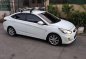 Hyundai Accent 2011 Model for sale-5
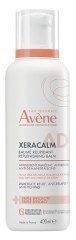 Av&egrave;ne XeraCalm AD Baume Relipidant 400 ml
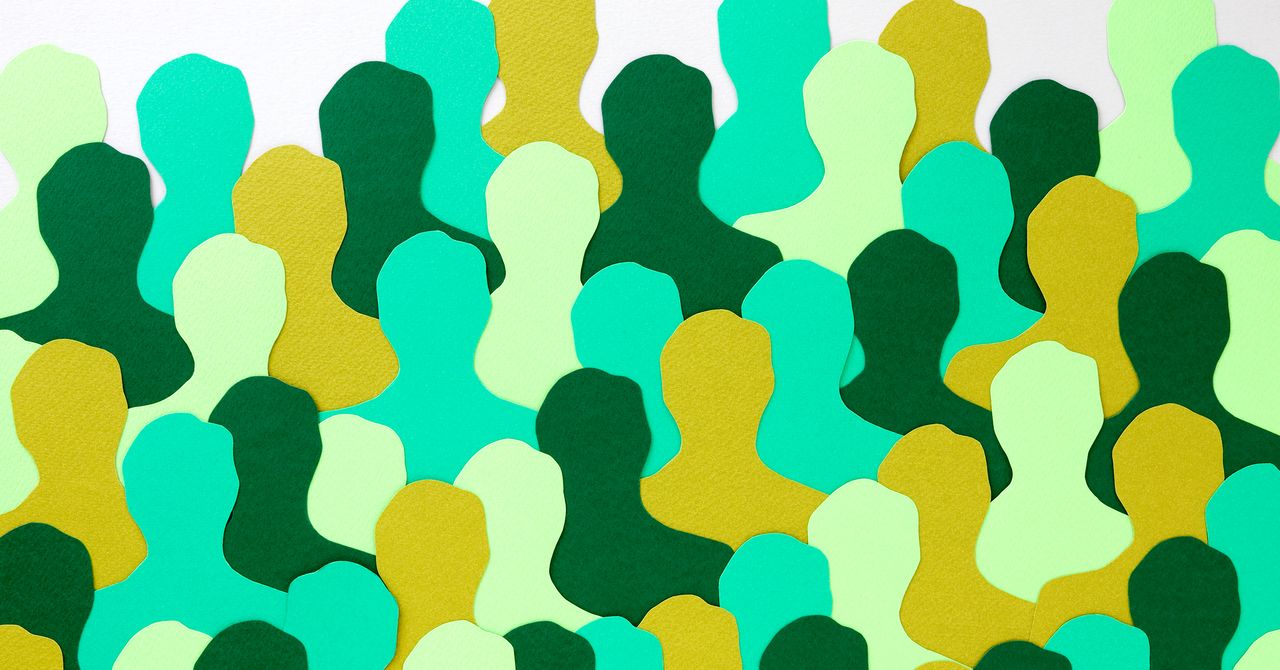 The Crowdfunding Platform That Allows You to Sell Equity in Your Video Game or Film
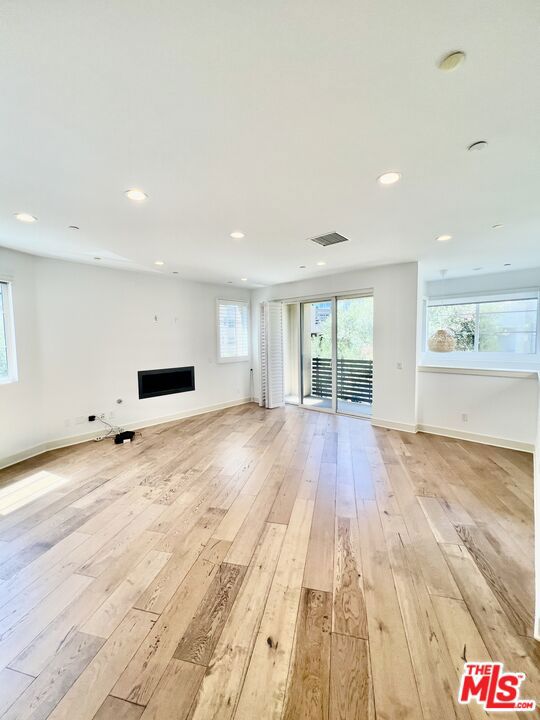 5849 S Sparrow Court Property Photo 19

● ● ●

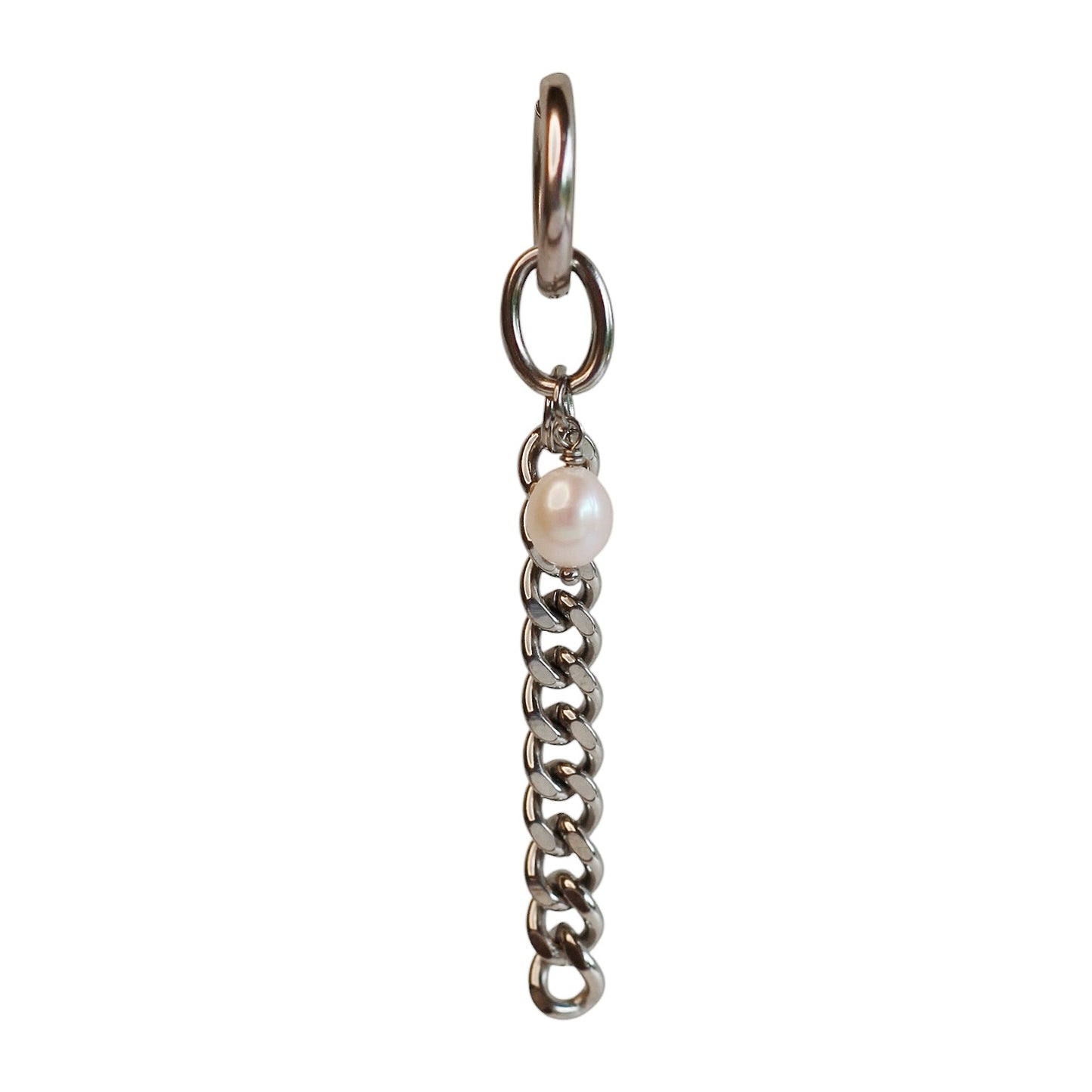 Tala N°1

● ● ●

# About this exercise
With the pictures removed, print only the lines starting at the line that has "Hyundai Accent 2011 Model for sale-5" and ending at the line that has "5849 S Sparrow Court Property Photo 19", both ends included, exactly as they stand above.

# The completed task
 Hyundai Accent 2011 Model for sale-5
 Av&egrave;ne XeraCalm AD Baume Relipidant 400 ml
 The Crowdfunding Platform That Allows You to Sell Equity in Your Video Game or Film
 5849 S Sparrow Court Property Photo 19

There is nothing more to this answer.